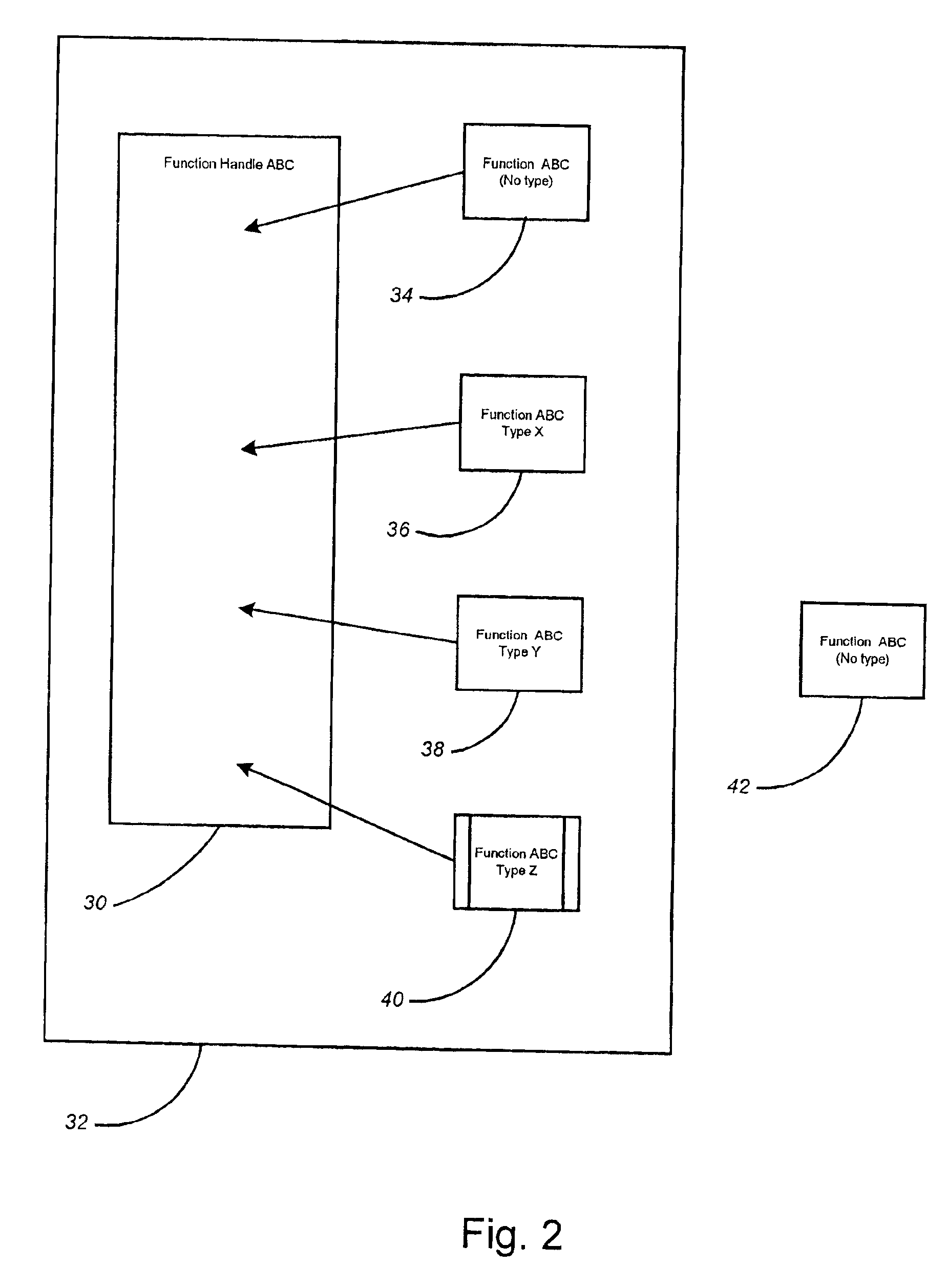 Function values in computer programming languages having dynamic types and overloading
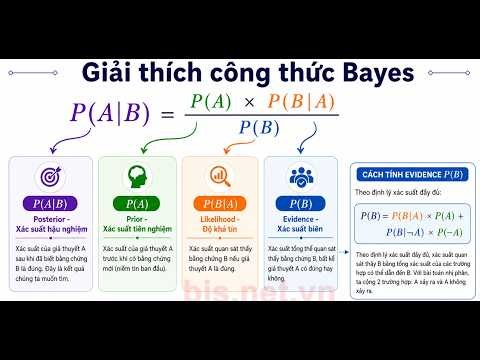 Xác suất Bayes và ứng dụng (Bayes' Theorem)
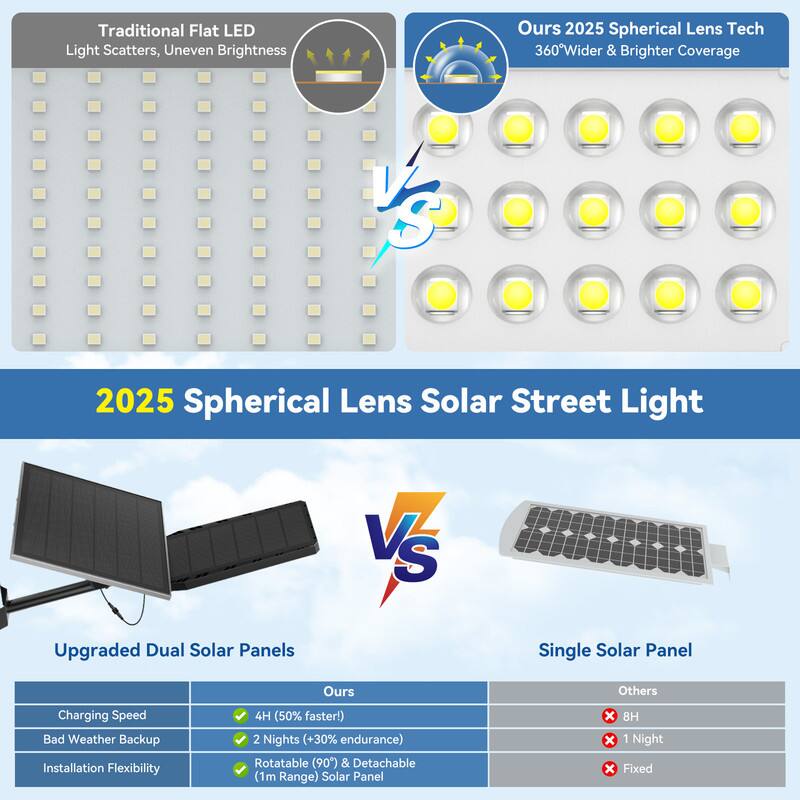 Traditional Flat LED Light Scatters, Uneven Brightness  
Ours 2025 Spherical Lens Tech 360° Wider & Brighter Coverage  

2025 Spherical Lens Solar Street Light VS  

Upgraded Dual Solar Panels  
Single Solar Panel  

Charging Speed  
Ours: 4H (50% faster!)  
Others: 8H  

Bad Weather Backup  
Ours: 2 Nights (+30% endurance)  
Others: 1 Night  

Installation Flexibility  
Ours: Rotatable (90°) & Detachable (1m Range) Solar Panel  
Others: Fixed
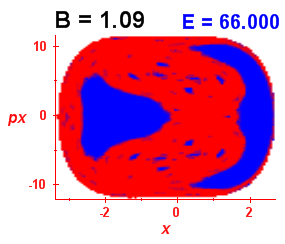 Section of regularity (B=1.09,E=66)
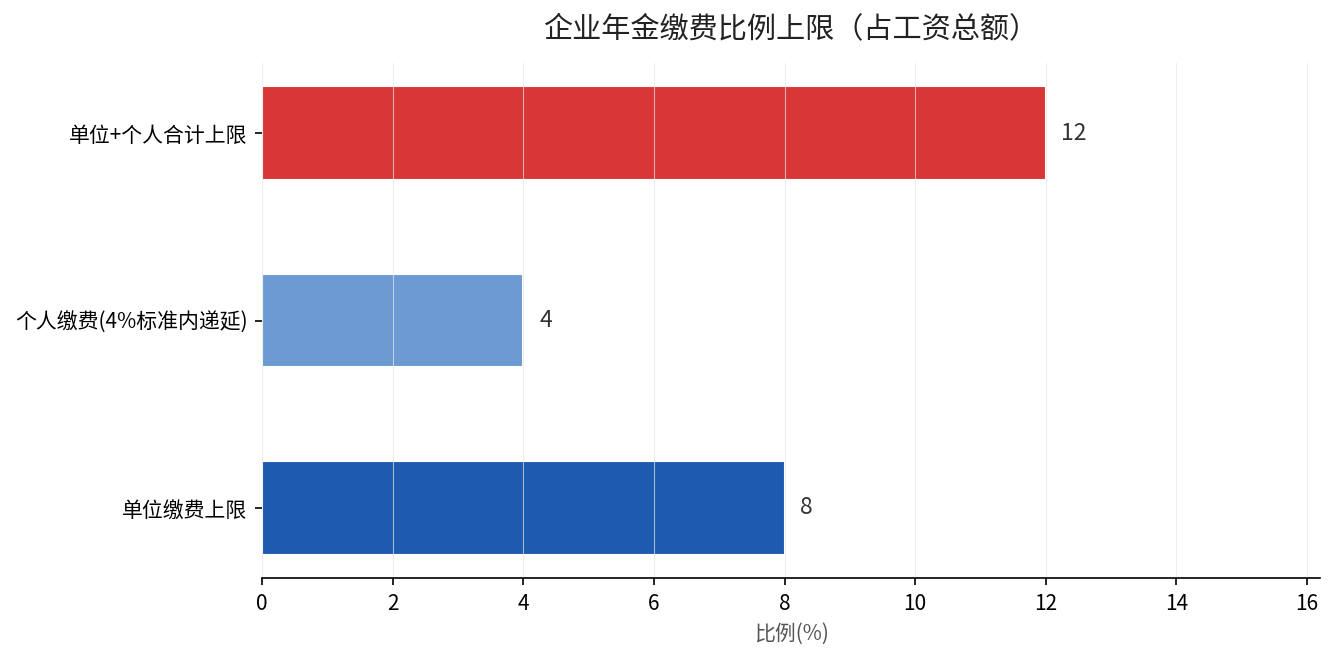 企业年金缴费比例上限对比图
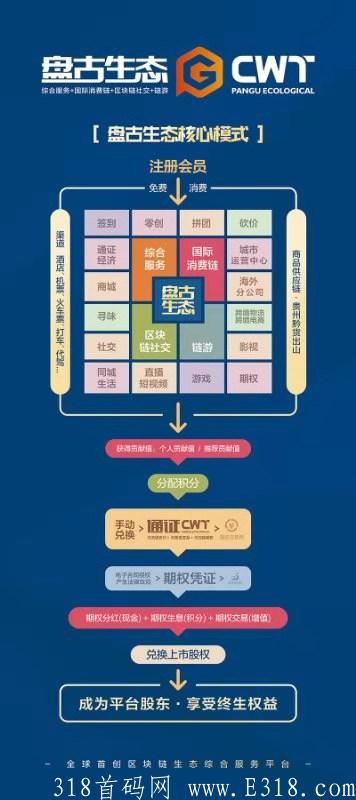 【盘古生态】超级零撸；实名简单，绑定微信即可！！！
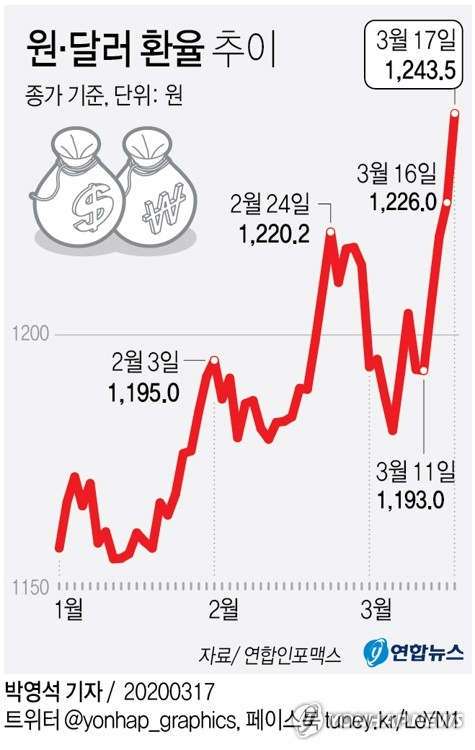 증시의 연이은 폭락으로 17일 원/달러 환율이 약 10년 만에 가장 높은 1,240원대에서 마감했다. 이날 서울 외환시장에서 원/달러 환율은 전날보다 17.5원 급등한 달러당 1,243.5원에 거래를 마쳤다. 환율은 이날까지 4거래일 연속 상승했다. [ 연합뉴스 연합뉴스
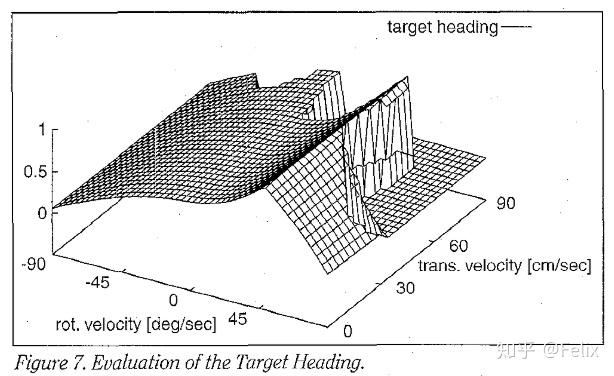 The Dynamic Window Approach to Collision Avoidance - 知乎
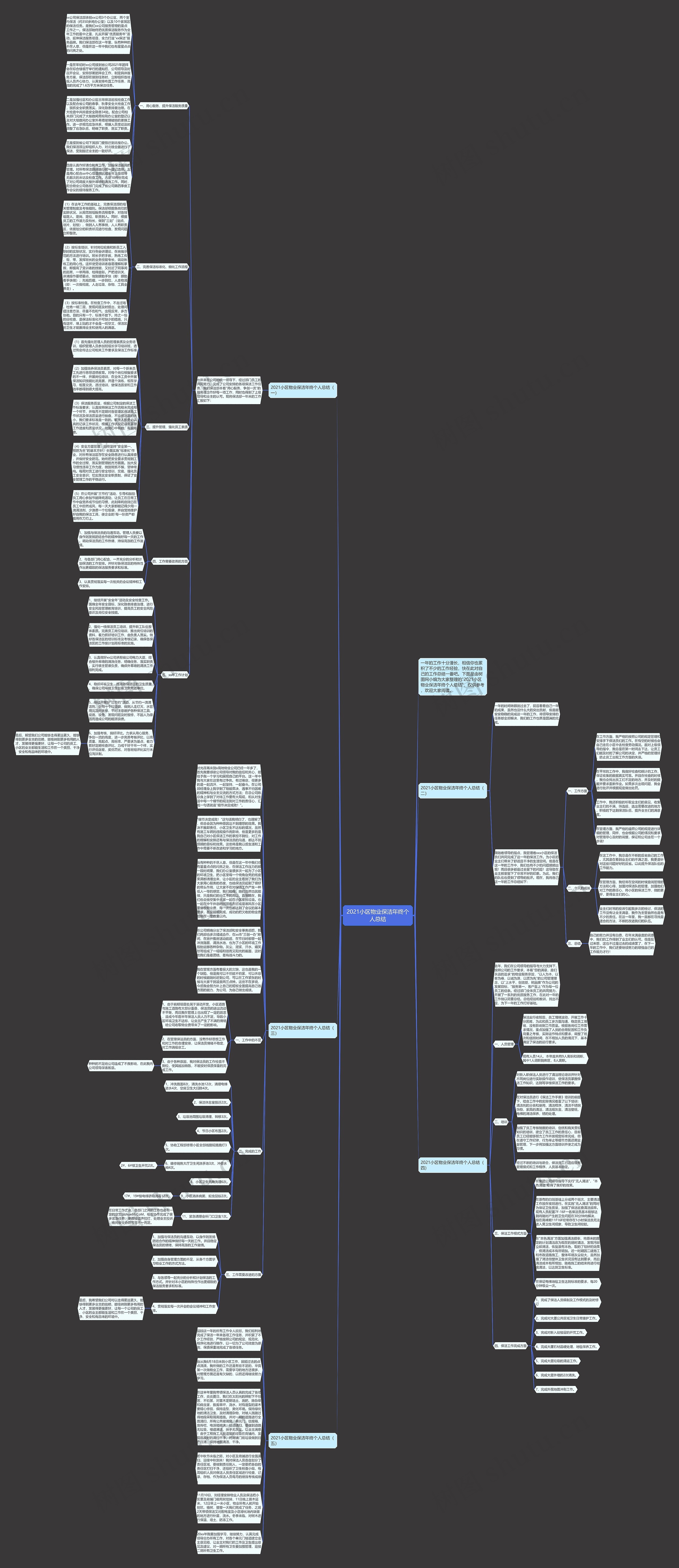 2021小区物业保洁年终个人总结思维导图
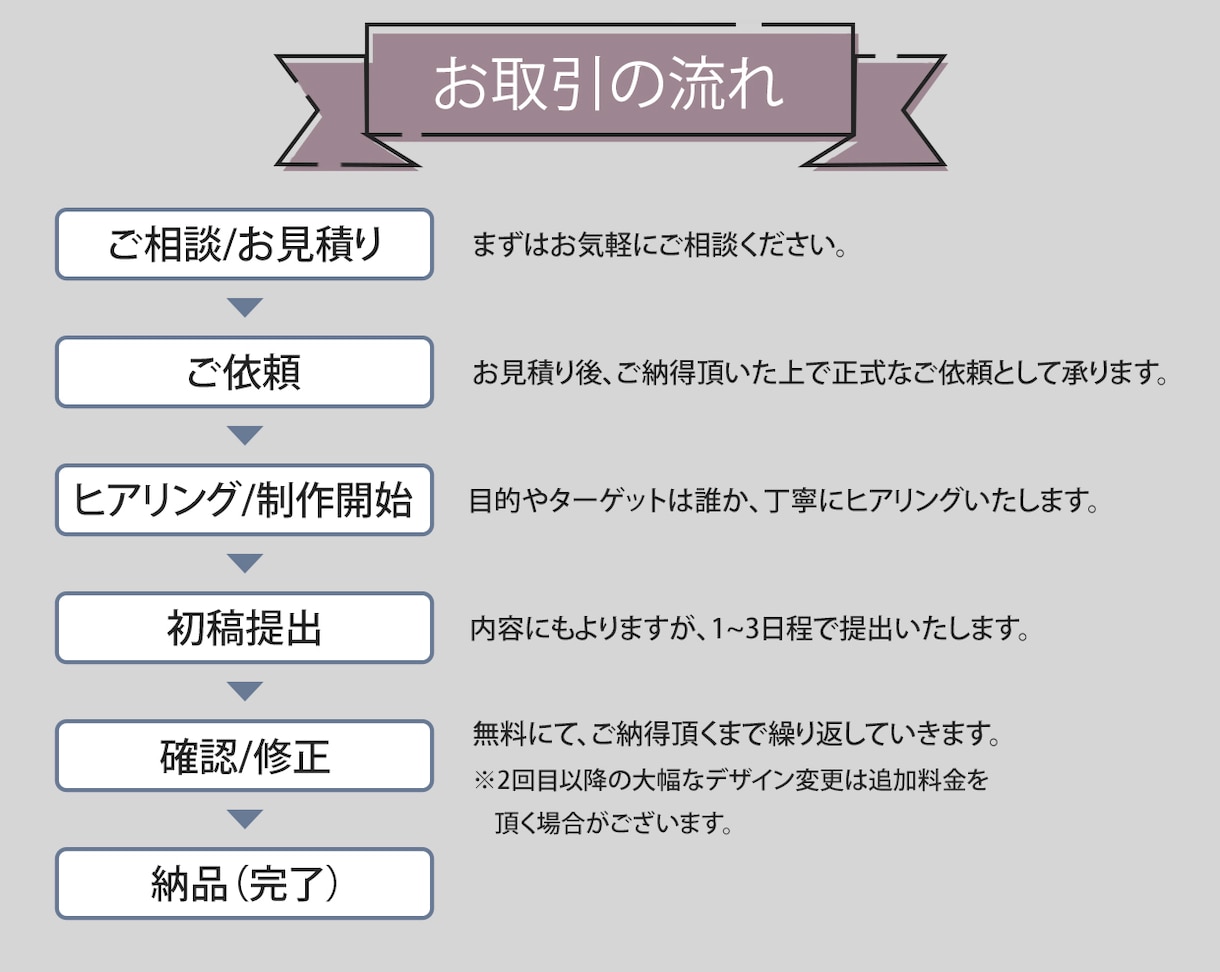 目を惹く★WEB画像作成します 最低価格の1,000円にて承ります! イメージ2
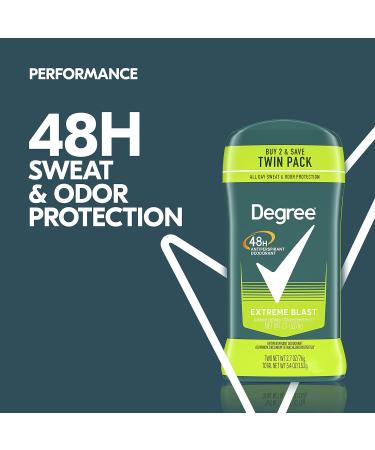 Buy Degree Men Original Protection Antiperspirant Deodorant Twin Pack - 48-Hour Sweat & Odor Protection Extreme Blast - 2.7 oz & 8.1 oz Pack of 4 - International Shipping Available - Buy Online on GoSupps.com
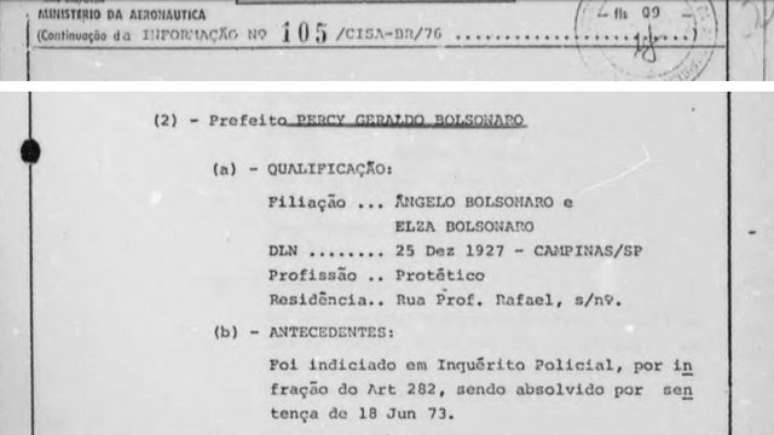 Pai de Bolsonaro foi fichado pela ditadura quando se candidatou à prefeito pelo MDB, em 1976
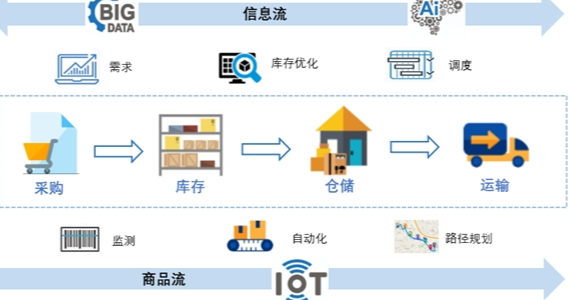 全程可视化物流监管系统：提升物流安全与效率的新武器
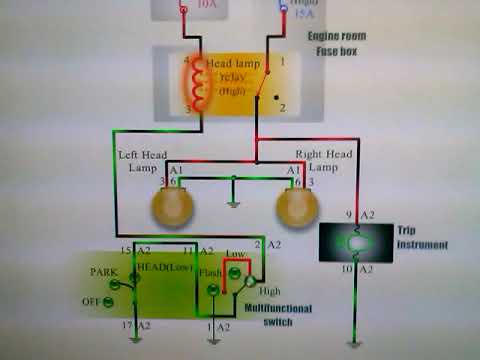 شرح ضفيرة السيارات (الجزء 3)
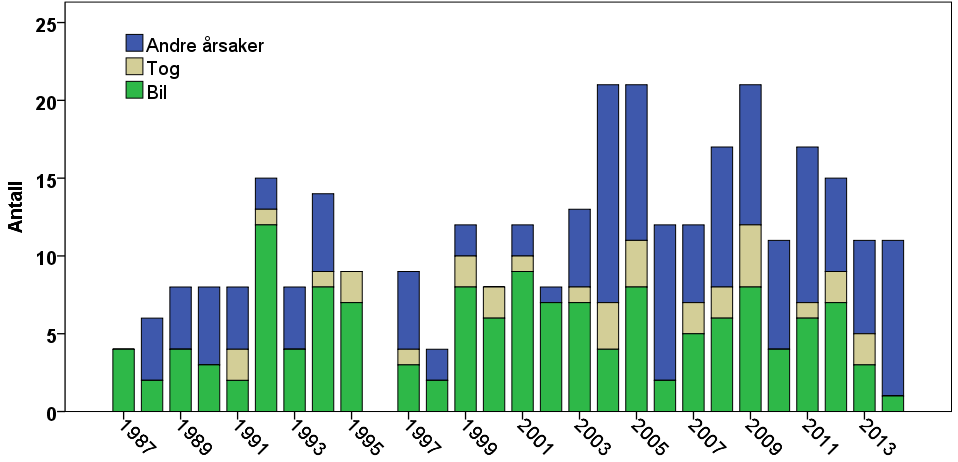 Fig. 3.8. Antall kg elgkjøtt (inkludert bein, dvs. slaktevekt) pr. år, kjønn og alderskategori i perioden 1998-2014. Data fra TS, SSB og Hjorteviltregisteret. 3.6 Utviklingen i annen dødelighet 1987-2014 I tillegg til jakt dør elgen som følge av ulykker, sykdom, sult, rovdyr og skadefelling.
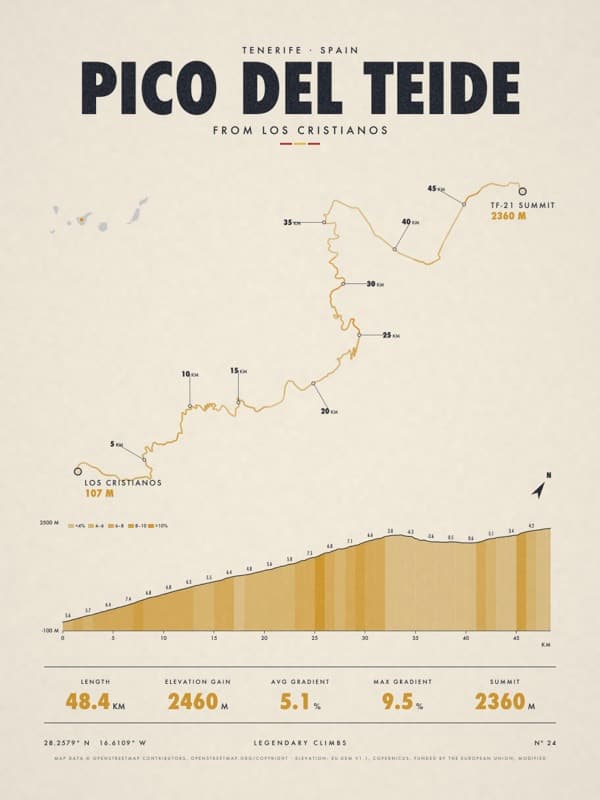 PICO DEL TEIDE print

[What you have to do] Please output, exactly as written, the lines above from the one holding "Section of regularity (B=1.09,E=66)" through the one holding "目を惹く★WEB画像作成します 最低価格の1,000円にて承ります! イメージ2", both included, with the pictures omitted.

[Solution below]
 Section of regularity (B=1.09,E=66)
 企业年金缴费比例上限对比图
 【盘古生态】超级零撸；实名简单，绑定微信即可！！！
 증시의 연이은 폭락으로 17일 원/달러 환율이 약 10년 만에 가장 높은 1,240원대에서 마감했다. 이날 서울 외환시장에서 원/달러 환율은 전날보다 17.5원 급등한 달러당 1,243.5원에 거래를 마쳤다. 환율은 이날까지 4거래일 연속 상승했다. [ 연합뉴스 연합뉴스
 The Dynamic Window Approach to Collision Avoidance - 知乎
 2021小区物业保洁年终个人总结思维导图
 目を惹く★WEB画像作成します 最低価格の1,000円にて承ります! イメージ2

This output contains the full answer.